- _ABOUT THIS EXERCISE_
An exact copy of all the data is needed, with every picture left out.

(Web page caption snippets)
---------------

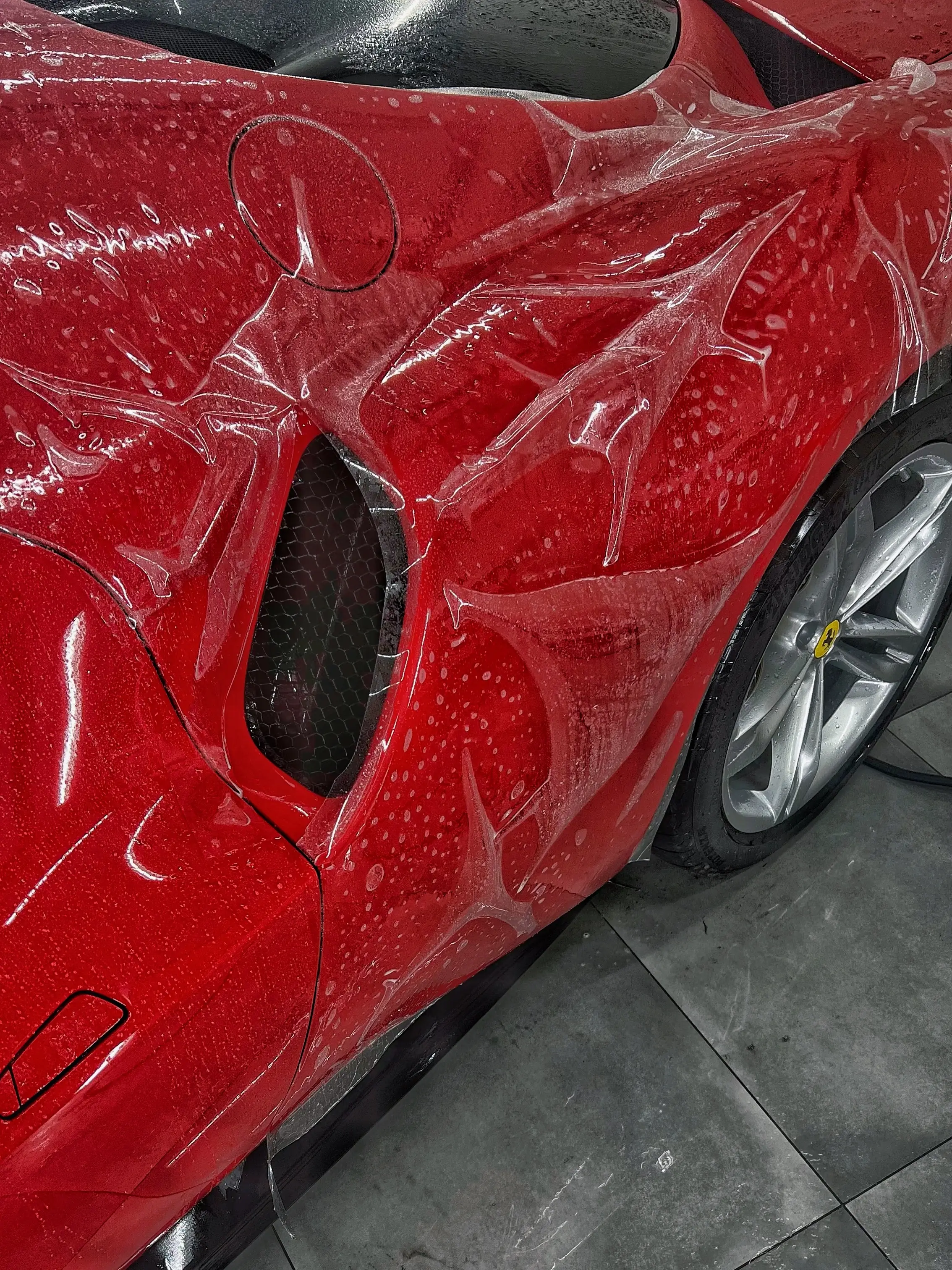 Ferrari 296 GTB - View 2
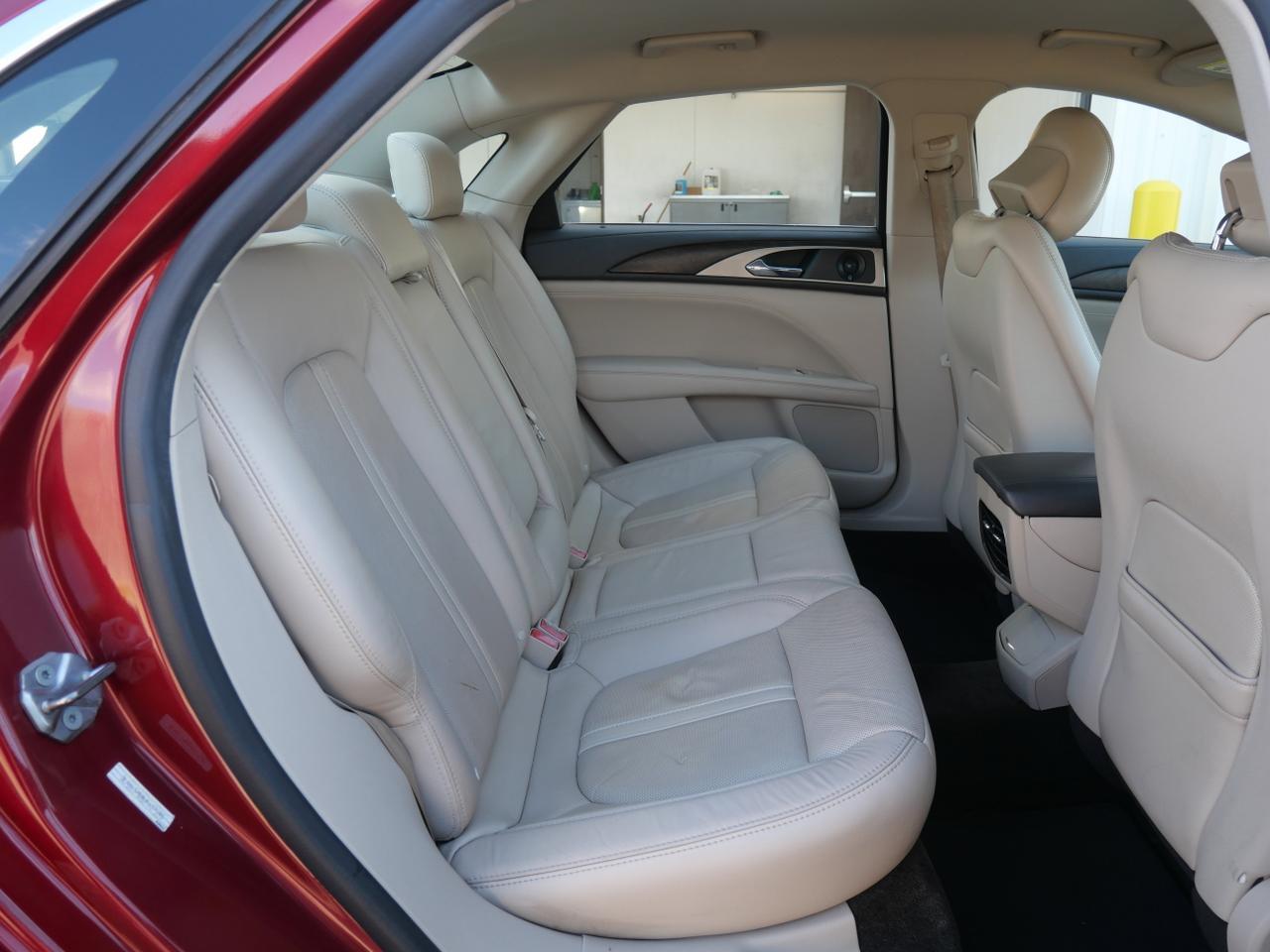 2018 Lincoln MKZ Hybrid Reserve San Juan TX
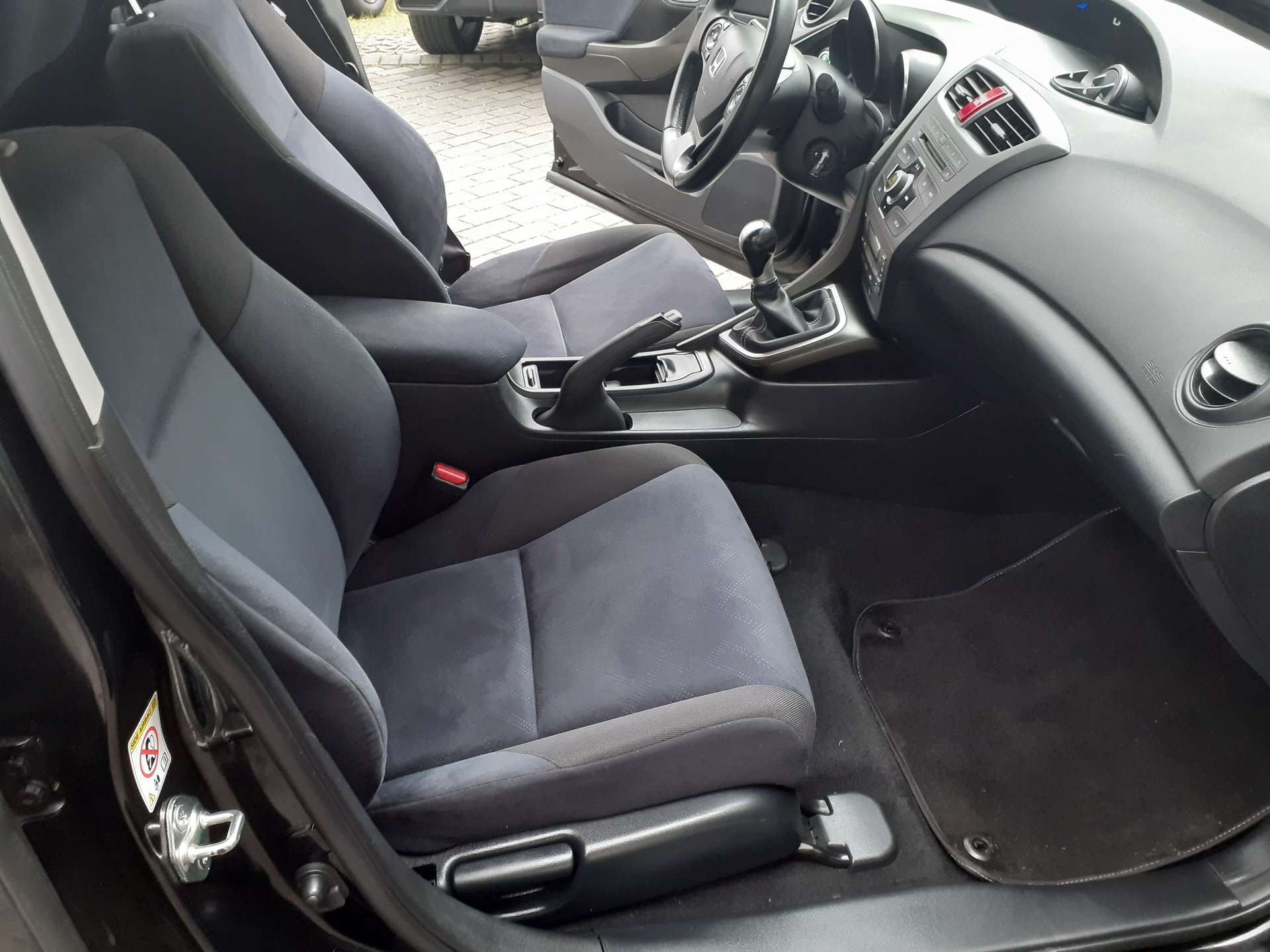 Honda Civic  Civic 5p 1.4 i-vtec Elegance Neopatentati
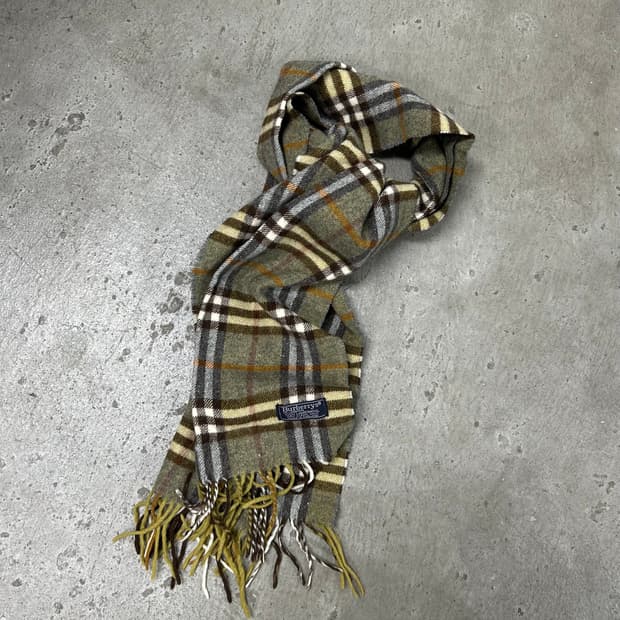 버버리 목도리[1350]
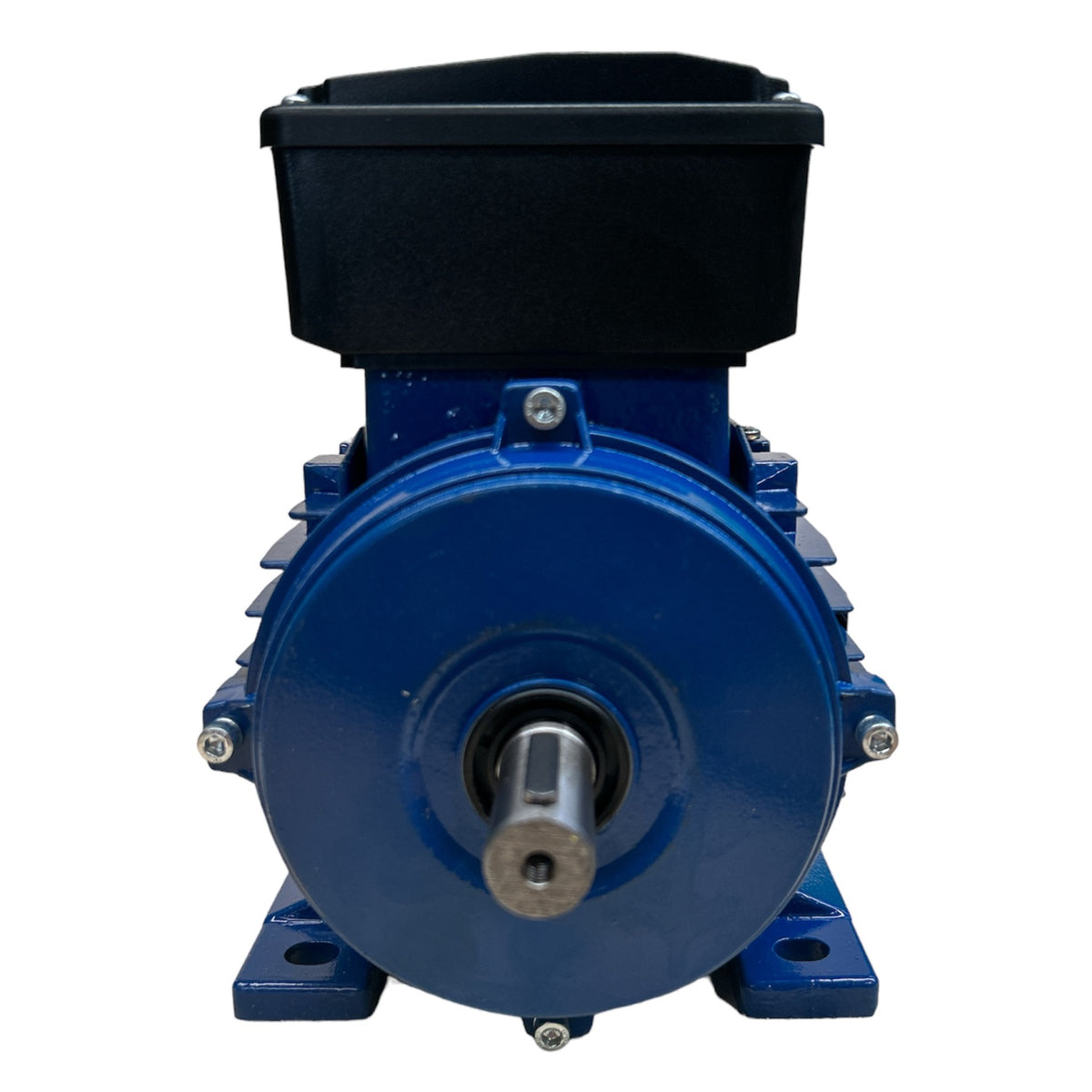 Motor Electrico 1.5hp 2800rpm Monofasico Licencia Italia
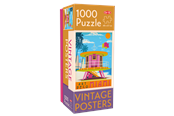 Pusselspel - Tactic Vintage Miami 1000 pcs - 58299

---------------

- _RESULT BELOW_
 Ferrari 296 GTB - View 2
 2018 Lincoln MKZ Hybrid Reserve San Juan TX
 Honda Civic  Civic 5p 1.4 i-vtec Elegance Neopatentati
 버버리 목도리[1350]
 Motor Electrico 1.5hp 2800rpm Monofasico Licencia Italia
 Pusselspel - Tactic Vintage Miami 1000 pcs - 58299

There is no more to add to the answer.